Moving on to other columns. Recall from above that:

> some contain data from multiple columns
>
> `-` is extracted as `!`
>
> numbers are printed with commas to make it easier for human eyes to read, but that is not something that `int` knows how to operate on.

We need to:

> manually create the correct column names, and split the data, 
> 
> replace `!` with `-`, 
>
> remove `,` from numbers.

In [None]:
my_columns.append('Native Nonwhites - North')
my_columns.append('Native Nonwhites - South')
data1 = []
data2 = []
for i in range(2, 9):
    temp = df.loc[i,'Native']
    val1, val2 = temp.split()
    data1.append( int(val1.replace('!', '-').replace(',', '')) )
    data2.append( int(val2.replace('!', '-').replace(',', '')) )
                 

print(data1)
print(data2)

<br> 

## Re-factoring

We can make the code above into a function that will generate the data to be added to `clean_df`

In [None]:
def clean_data_from_tabula(df, column_name, start_index, end_index):
    """
    This function takes the correct column names, split the data 
    into two columns, replaces `!` with `-`, and removes `,` from numbers.
    
    inputs:
        df - dataframe returned by tabula
        column_name - str with column name to be processed
        start_index - int from df 
        end_index - int from df
        
    returns:
        data1 - list of int
        data2 - list of int
        
    """
    data1 = []
    data2 = []
    for i in range(start_index, end_index):
        temp = df.loc[i,column_name]
        val1, val2 = temp.split()
        data1.append( int(val1.replace('!', '-').replace(',', '')) )
        data2.append( int(val2.replace('!', '-').replace(',', '')) )
        
    return data1, data2

In [None]:
data1, data2 = clean_data_from_tabula(df, 'Native', 2, len(df))

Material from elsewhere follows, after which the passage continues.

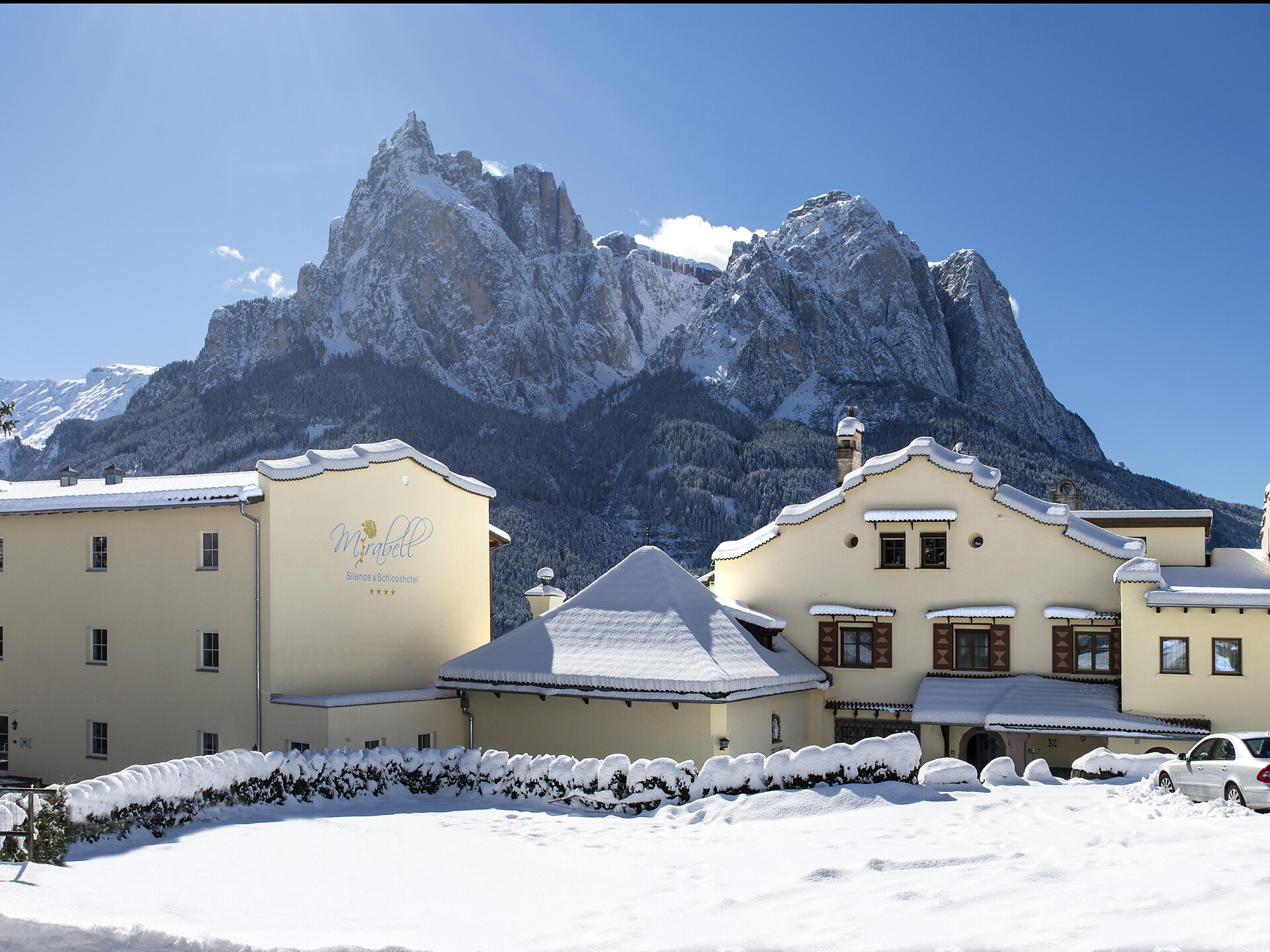 Mirabell Alpine Garden Resort & Spa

clean_df['Native Nonwhites - North'] = data1
clean_df['Native Nonwhites - South'] = data2

clean_df

In [None]:
data1, data2 = clean_data_from_tabula(df, 'Unnamed: 2', 2, len(df))

clean_df['Native Whites - North'] = data1
clean_df['Native Whites - South'] = data2

clean_df

In [None]:
data1, data2 = clean_data_from_tabula(df, 'Foreign', 2, len(df))

clean_df['Foreign Whites - North'] = data1
clean_df['Foreign Whites - South'] = data2

## Checking our work

In [None]:
fig = plt.figure( figsize = (10, 24) )
ax = fig.add_subplot(111)

ax.imshow(page7[400:1600, 300:2800]);

In [None]:
clean_df

**Everything looks good!**

<br>

# Pages with equations

Another type of information that frequently appears in documents are equations and mathematical symbols.

`PyPDF2` does not extract either from documents, so we would need to use use a different package.

In [None]:
n = 1
print(f"...{page_images[n][103:]}")
page10 = imread( page_images[n] )

fig = plt.figure( figsize = (10, 24) )
ax = fig.add_subplot(111)

ax.imshow(page10);

## Extract text

Let's focus on page 10 of the article alone, for simplicity, and extract the text as before.

In [None]:
page = reader.pages[9]
print(page.get_contents())

print()
text_in_page = page.extract_text()
print(text_in_page)

<br>

Clearly somethings are getting messed up...

In [None]:
print(text_in_page[33:350].split())


The presence of italic font, symbols, and equations really messes up the text extraction.  This may have to do with  with encoding available for `PyPDF2`. The default is likely `utf8`, which is not able to encode many of the symbols appearing in equations.

A possible solution to handle this type of information is to select portions of the image and use other software for processing.  [Matchpix](https://mathpix.com/ocr) is a web software that extracts `LaTeX` formatted equations from images.